These fun factoids come to us courtesy of the world of online insta-polls. Click in your vote. Press on results. And voila — since you’re likely visiting a site patronized by your ideological doppelgangers — your world-view reigns supreme!

These Internet surveys sometimes acknowledge how unscientific (read: meaningless) they really are. They surely must be a pale imitation of the rigorous, carefully sampled, thoroughly transparent polls favored by political savants and mainstream news organizations, right?

Well, er, sort of. The line between junk and credible polling remains. But it became a little blurrier — creating concern among professional survey organizations and reason for greater skepticism by all of us — because of charges this week that one widely cited pollster may have fabricated data or manipulated it so seriously as to render it meaningless.

Blogger Markos Moulitsas, founder of the left-leaning Daily Kos website, filed a lawsuit in federal court in Oakland on Wednesday charging that Research 2000, the organization he had commissioned for 1 1/2 years to test voter opinion, had doctored its results.

The firm’s protestations that it did nothing wrong have been loud and repeated.

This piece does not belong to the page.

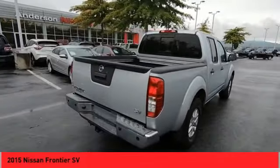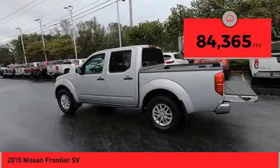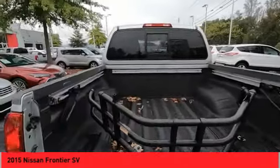The Frontier's interior comforts include cab versatility, under-seat storage, and seating for five. This vehicle has less than 85,000 miles. Take this vehicle for a spin and see why so many shoppers are now proud owners.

Evidence against the company is somewhat arcane. Suffice it to say that independent statisticians have found a bewildering lack of statistical “noise” in the company’s data. Where random variation would be expected, results are too consistent.

Moulitsas has said he became particularly alarmed after outside experts raised doubts about the firm’s methods and then the pollsters declined to supply basic information to confirm, among other things, that they had actually interviewed the people they said they had interviewed.

The Daily Kos founder said he hopes the litigation will reveal what work the firm actually completed. He plans next week to announce the hiring of a new polling firm to support the Daily Kos — which claims 250,000 registered users and 2.5 million unique monthly users.

“We’ve learned our lesson,” Moulitsas said in an interview. “We are going to be doing our due diligence this time. A lot more things have to be nailed down, like making sure we have access to the raw data.”

Research 2000 might be easily written off as ideologically tainted if it worked only for the persistently liberal, mostly pro- Democratic Party Daily Kos. But a bunch of long-time news organizations — multiple TV stations and papers such as the St. Louis Post-Dispatch and Reno Gazette-Journal — also trusted the Maryland-based outfit.

Said Moulitsas in a post this week: “I got burned and got burned bad.”

The revelations have professional pollsters in a tizzy of self-examination. “The implications are ominous,” wrote Mark Blumenthal, a columnist for National Journal Online and founder of poll aggregator Pollster.com. “The polling industry cannot simply continue on a business-as-usual course.”

But what to do?

Some questions about polling will never be settled definitively. Much of the profession’s work relies on science, but a measure of art also comes into play in trying to assess human beliefs and emotions. Each firm will come up with a unique model this fall, for example, to decide just how energized Republicans have become and, therefore, how many will turn out in the November mid-term election.

Most reputable pollsters agree on one thing — polling organizations should publicly disclose as much of their methodology as possible. Just for starters, they should reveal how many people were interviewed, how they were selected, how many rejected the survey, how “likely voters” and other sub-groups were defined and how the raw data was weighted to reflect the population, or subgroups.

In the meantime, we in the audience —- who don’t fully understand the influence of all those important choices — will continue to be bombarded by polls. Many of them will be the cut-rate, automated “robo” polls, in which a prerecorded telephone questioner might be begging information from a grade-schooler.

Michael Cornfield, a George Washington University political scientist and polling expert, recommends that concerned citizens ignore the lone, sometimes sensational, poll result. “Trend data are superior to a single point in time,” Cornfield said via e-mail, “and consensus results from multiple firms are superior to those conducted by a single outfit.”

Websites like RealClearPolitics.com and Pollster.com average results from many firms to try to get a more accurate picture of what the public really thinks. Pollster.com’s most recent average of surveys found, for example, that 48.9% disapprove of the Obama’s job performance, while 45.8% approve.

An easy-to-read chart also makes a longer-term trend clear: The president’s popularity, once solidly more than 60%, has been slipping fairly steadily since he took office in 2009.

Pollster.com also allows the curious to examine how individual pollsters have performed. Rasmussen Reports, for example, consistently finds a more negative reaction to Obama than other surveys, sometimes by a wide margin. Filtering out the findings of Fox News-friendly Rasmussen, the average of other polls show Obama’s approval/disapproval numbers almost evenly divided.

According to Nate Silver, a statistician who rates polls, New Jersey-based Rasmussen also stands apart from many other top polling operations in that it has not committed to industry standards for disclosing its methodology.

Those details are just so cumbersome, so heavy. And so heavily important for experts trying to determine why a survey comes out the way it does.

The rest of us should look at none of the polls. Or look at all of them. And look out for the operators not willing to tell us how they’re doing business.